Chinese Foreign Ministry spokesman Hong Lei said yesterday that the government hoped “relevant parties will make more contributions to peace and stability in the region.”
Hong was responding to a question about a resolution submitted June 13 by Virginia Senator Jim Webb condemning the use of force by China in the South China Sea and calling for multilateral negotiations to resolve maritime disputes. Webb is a Democrat who served as President Ronald Reagan’s secretary of the Navy.
“China is trying to safeguard its own legitimate rights and interests instead of infringing on other country’s rights,” Hong said.
In Washington, State Department spokesman Mark Toner said the U.S. wants to see a solution “without coercion.”
“We’re obviously concerned in recent days of these events that have raised tensions in the region,” Toner said at a State Department briefing. “We share a number of interests with the international community in the South China Sea. We’re looking for a peaceful, collaborative and diplomatic process to resolve this.”
Two of the blocks set to be offered are in waters close to where Chinese vessels in March harassed a survey vessel from Forum Energy Plc, which held a contract from the Philippines to explore the area.
State-owned PetroVietnam’s Canadian partner, Calgary-based Talisman Energy Inc., said on its website it aims to begin drilling next year in a separate block that China awarded to a U.S. rival and has protected with gunboats. Irving, Texas-based Exxon Mobil Corp. plans an exploratory well off Vietnam this year, Mark W. Albers, a senior vice president, said in a March 9 meeting with analysts.
Vietnam said June 9 that a Chinese vessel harassed a survey ship operated by Vietnam Oil & Gas Group in the area Talisman plans to develop. China disputed that version of events, pitting Vietnamese vessels as the aggressors.
Joint Naval Drills
The U.S. will hold joint naval drills with former foe Vietnam next month, the South China Morning Post reported, citing a naval spokesman. Vietnam held a live-fire naval drill off its coast on June 13.
The Philippines and the U.S. are “strategic treaty allies,” U.S. Ambassador Harry Thomas said in a speech in Manila yesterday. “We will continue to consult and work with each other on all issues, including the South China Sea.”
The Philippines is seeking a “peaceful resolution” of the territorial dispute and is in “constant dialogue” with the Chinese Embassy on the issue, President Benigno Aquino’s spokesman Edwin Lacierda said June 13 in Manila.
According to the Philippine energy department’s website, the government will offer 15 blocks with a total area of more than 10 million hectares in northwest and east Palawan and the Sulu Sea basins. It held a roadshow in Singapore early this month and will hold more in Houston and London before the June 30 launch of the Philippine Energy Contracting Round.
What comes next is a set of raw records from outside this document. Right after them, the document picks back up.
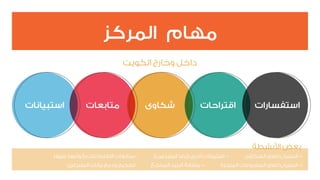 ‫المركز‬ ‫مهام‬
‫الكويت‬ ‫وخارج‬ ‫داخل‬
‫األنشطة‬ ‫بعض‬
‫استفسارات‬‫اقتراحات‬‫شكاوى‬‫متابعات‬‫استبيانات‬
‫عليها‬ ‫بأنواعها‬ ‫االقتطاعات‬ ‫-متابعات‬ )‫المتبرعين‬ ‫(رضا‬ ‫أخرى‬ ‫استبيانات‬ - ‫الشكاوى‬ ‫اغالق‬ ‫استبيان‬ -
‫المتبرعين‬ ‫بيانات‬ ‫ودمج‬ ‫تصحيح‬ ‫المرتجع‬ ‫البريد‬ ‫متابعة‬ - ‫المنجزة‬ ‫المشروعات‬ ‫اغالق‬ ‫استبيان‬ -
Vietnam’s domestic gas demand is set to triple by 2025, according to World Bank estimates, increasing the need to drill. The Philippines will boost hydrocarbon reserves by 40 percent in the next 20 years to reduce its reliance on imports, according to an energy department plan. China’s oil reserves have shrunk almost 40 percent since 2001 as the economy grew 10.5 percent a year on average, according to data compiled by Bloomberg.